Anthropic says some Claude models can now end ‘harmful or abusive’ conversations

Has anthropic New possibilities announced That will enable some of his newest, largest models to terminate conversations in what the company describes as “rare, extreme cases of persistently harmful or offensive user interactions.” It is striking that anthropic says that it does this not to protect the human user, but rather the AI model itself.
To be clear, the company does not claim that its Claude AI models are aware or can be damaged by their conversations with users. In his own words, anthropic “very uncertain remains about the potential moral status of Claude and other LLMs, now or in the future.”
The announcement, however, points to a recent program that has been made to study what the ‘model welfare’ calls and says that anthropic in essence uses a just-in-case approach, “working on identifying and implementing cheap interventions to model the well-being, in the case of such well-being.”
The latter change is currently limited to Claude Opus 4 and 4.1. And again, it is only supposed to happen in “Extreme Edge Cases”, such as “Requests from users for sexual content with minors and attempts to request information that makes large violence or acts of terror possible.”

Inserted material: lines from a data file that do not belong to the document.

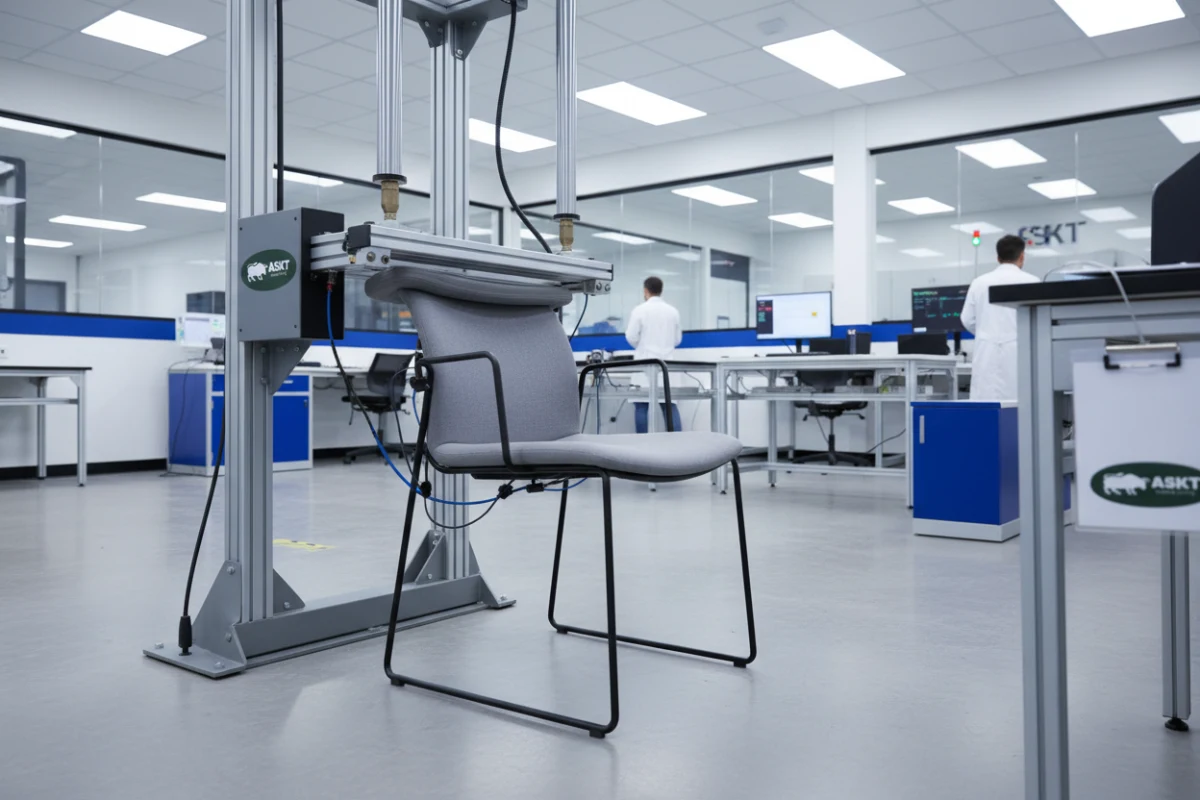 Mechanized durability and structural load testing on a dining chair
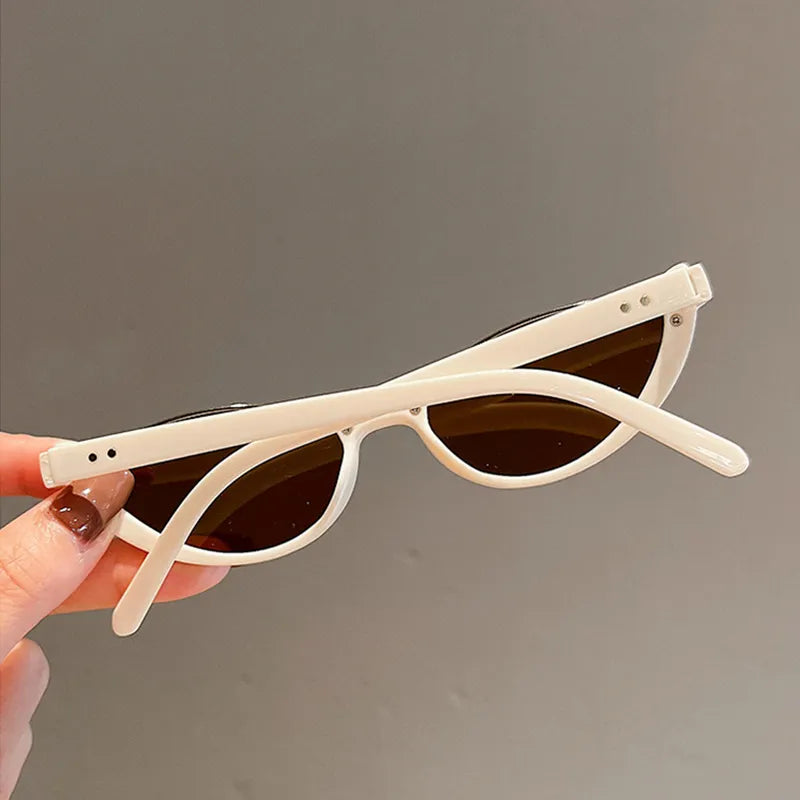 2023 Retro Glasses Small Half Frame Sunglasses Women Cat Eye Glasses Modern Luxury Brand Glasses 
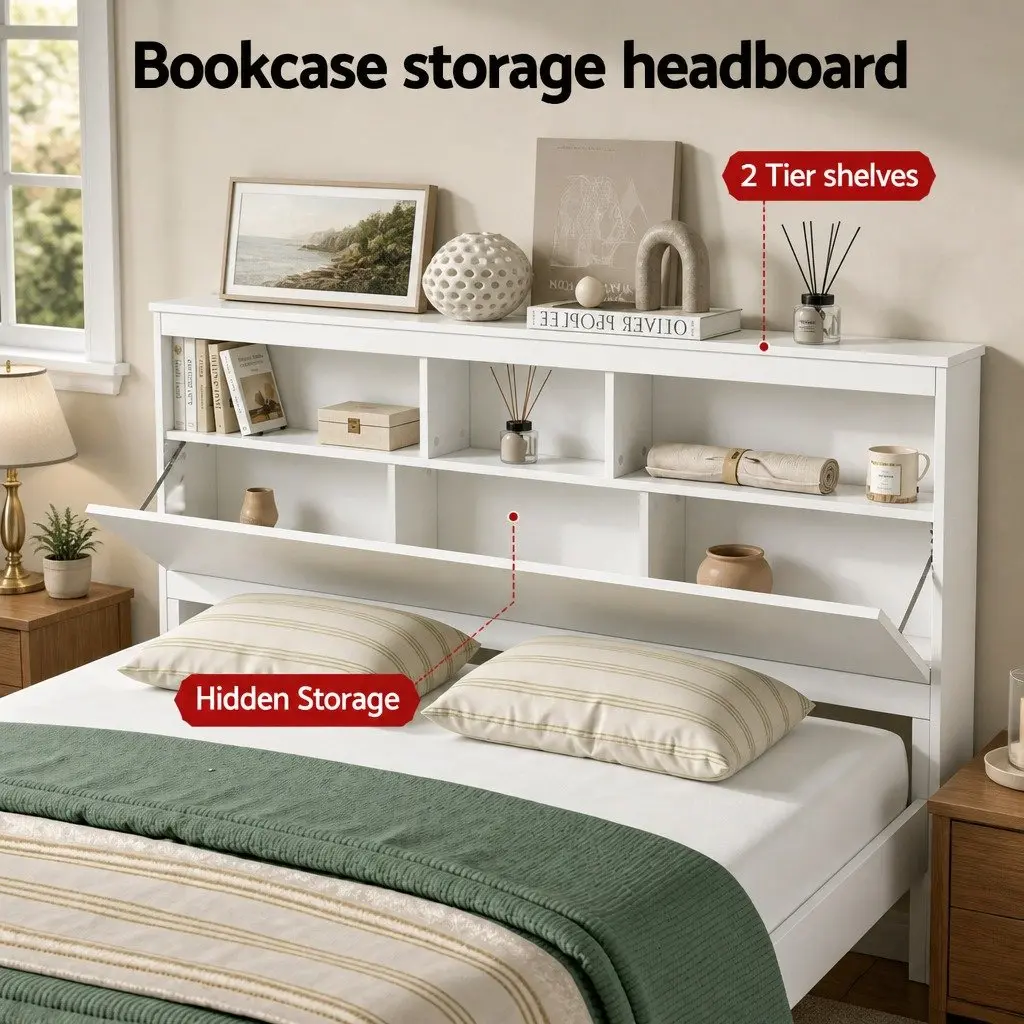 Queen Bed Frame with Storage Headboard and Footboard, Wooden Bed Base White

Although these types of requests may cause legal or publicity problems for anthropic self (witness recent report on how chatgpt could possibly strengthen or contribute to the delusions of its users), the company says that in pre-deployment tests, Claude Opus 4 a “strong preference to these requests”.
Regarding these new capacities for conversations, the company says: “In all cases, Claude is only to use his conversation capacity as the last resort when multiple attempts to divert have failed and the hope of a productive interaction has been exhausted, or if a user explicitly asks Claude to terminate a chat.”
Anthropic also says that Claude “is aimed at not using this ability in cases where users may run the risk of harming themselves or others.”
WAN event
San Francisco
|
27-29 October 2025
When Claude ends a conversation, Anthropic says that users will still be able to start new conversations from the same account and create new branches of the difficult conversation by editing their answers.
“We treat this function as a continuous experiment and will continue to refine our approach,” says the company.